The Ring
2002
Director: Gore Verbinski
Dreamworks Pictures
The ghost story is a central theme of Japanese horror films, spawning a wealth of creepy and atmospheric movies full of jump scares and tension. As with any foriegn cinematic trend that seems viable, Hollywood has come knocking, and many of these films have gotten the US remake treatment. Most have been plain awful (The Eye, Pulse), but this is the rare case of a remake that is superior to its original. The Ring is a slinky, creepy masterpiece.
Rachel Kellar is sent on a mission to discover what might have killed her teenage niece and driven her friend crazy. She traces her neices steps to a cabin in the woods, and a mysterious videotape that is rumored to kill you seven days after you watch it. She watches the tape too and begins a desperate race to find the source of the curse and stop it before it claims her or her eerily mature son, Aiden, and his father, her estranged boyfriend Noah, who have both watched the tape as well.

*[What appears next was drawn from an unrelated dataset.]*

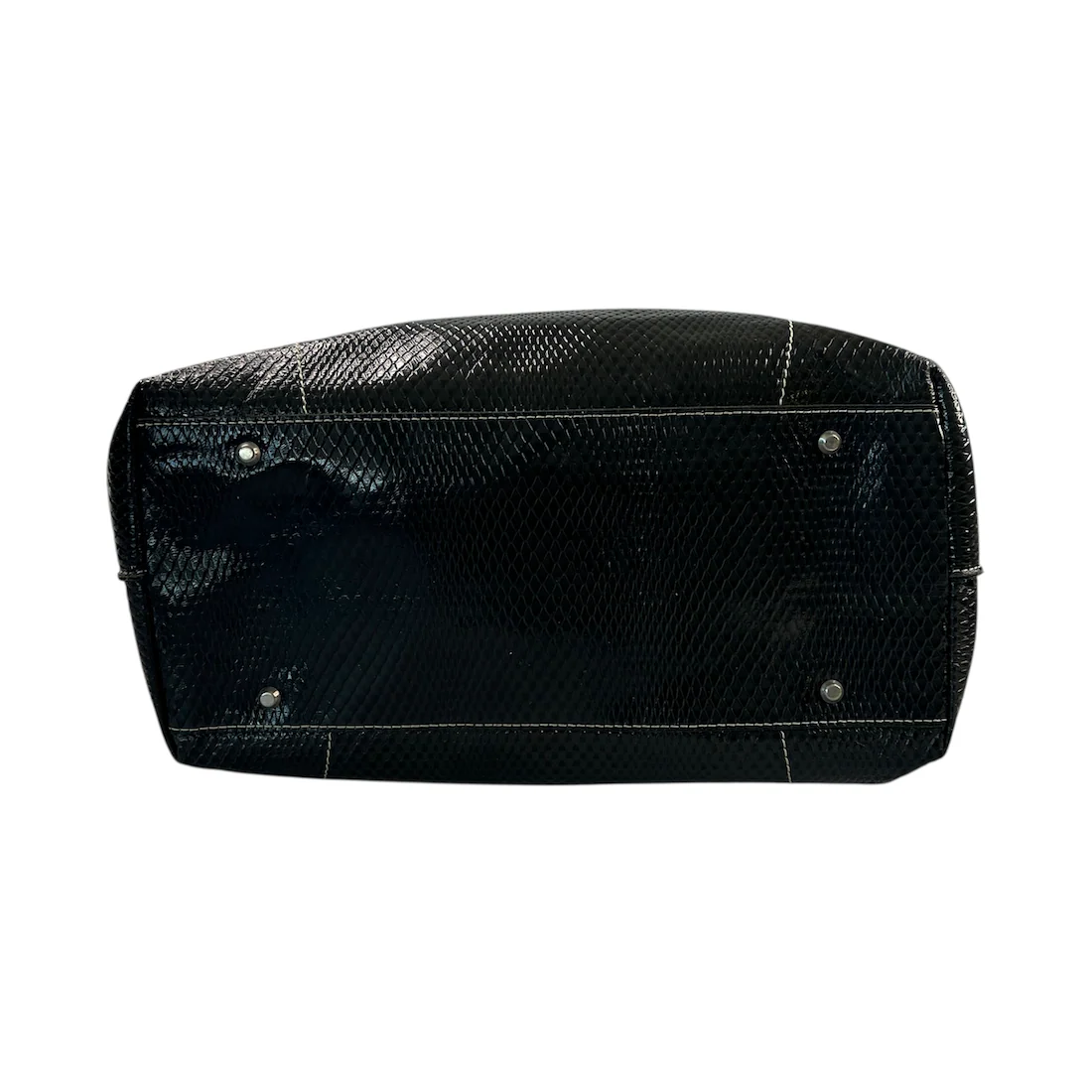 VIVIENNE WESTWOOD PYTHON LEATHER TOTE BAG - Image 4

The story unfolds beautifully, layer after layer, making this more a detective story than a horror film. With carefully crafted tension and beautiful camerawork, director Gore Verbinski uses all the tricks in the Hitchcock handbook here, and more skillfully than most directors do. He also gives us the classic "Hitchcock blonde" with Naomi Watts, who plays Rachel as a workaholic, quasi-neglectful mother, whose obsesssions tend to overshadow everything else in her life. Watts is magnetic, and she is matched by Martin Henderson as Noah, and young David Dorfman as Aiden. Amber Tamblyn also shines in her brief role, telegraphing her growing terror to the audience. The film has a wonderful artiness, nowhere more evident than the cursed video itself, which plays like a David Lynch short. The shocks are excellent too, especially the bloated, distorted faces of the curse's victims, which are seen for seconds, but long enough to leave your heart racing.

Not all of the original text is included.